Plenty of off-field drama has hurt the NFL’s reputation recently, but baseball, rather than capitalize on the NFL’s perils, is no stranger to off-the-field drama, either.

As the MLB readies itself for a (hopefully) successful and lucrative season, its players are working out their kinks and honing their skills in spring training. This is a time for players on the cusp of breaking into the big leagues to prove their talents, for stars to relax, and for fans who actually still love the game to get an early taste of baseball. Unfortunately, it can be a time for drama, as well.

A DUI conviction can cost $20,000 or more, which is a lot of money to most people. For professional athletes, like Cameron Maybin, who earned $8 million in 2016, $9 million in 2017, and $3 million last year, $20,000 is nothing. Instead, it’s his reputation that is at risk of being tarnished after a recent DUI arrest in Scottsdale, Arizona during spring training.

And for a 31-year-old player fighting for a roster spot on the San Francisco Giants, reputation is everything.
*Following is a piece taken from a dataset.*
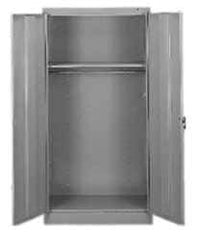 Tennsco - 1 Shelf Wardrobe Storage Cabinet - Steel, 36" Wide x 18" Deep x 78" High, Putty - Eagle Tool & Supply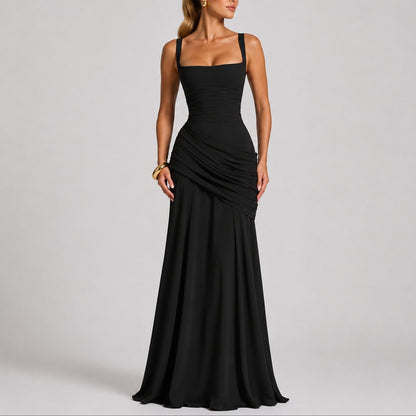 Elegant Autumn Wedding Guest Dress for Women with Square Neck Sleeveless Ruched Mermaid Style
According to CBS Sports, Maybin was arrested on a DUI charge after failing several walking tests and registering a blood alcohol content (BAC) of .142, nearly twice the legal limit.

Maybin told police that he was at Oceans 44 in Arizona and had five “pretty big” glasses of wine before getting behind the wheel and driving to a hotel to meet with his agent. Maybin signed a minor-league contract in February with the Giants and had high hopes of making the MLB roster by the end of spring training. A DUI arrest, while the Giants are dealing with other serious off-field issues, could delay or prevent that call-up.
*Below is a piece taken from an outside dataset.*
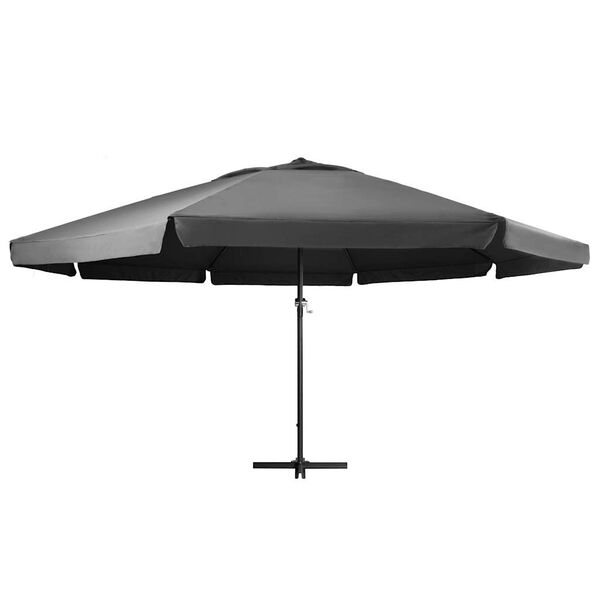 vidaXL Umbrelă de soare de exterior, stâlp aluminiu, antracit, 600 cm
“We are aware of the situation and are monitoring,” the Giants said in a statement. “We have no further comment at this time.”
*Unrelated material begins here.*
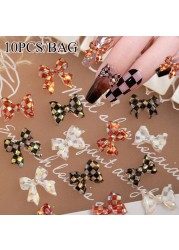 10pcs/set 3D Chess Bows Nail Rhinestones Crystal Jewelry DIY Decoration Ribbon Butterfly New Charm Manicure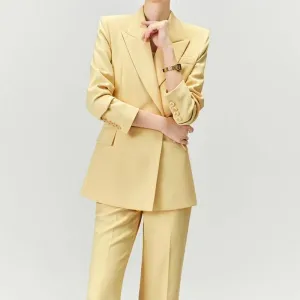 Elegant Yellow Office Pantsuit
Maybin apologized for his actions on Twitter:

“Life’s greatest lessons are usually learned at the worst times and from the worst mistakes. I take full responsibility for my actions and am deeply sorry to all those I let down — my family, my friends, my supporters, my teammates, and the entire SF Giants front office. Life is about growth and I’m choosing to learn and grow from this valuable life lesson.”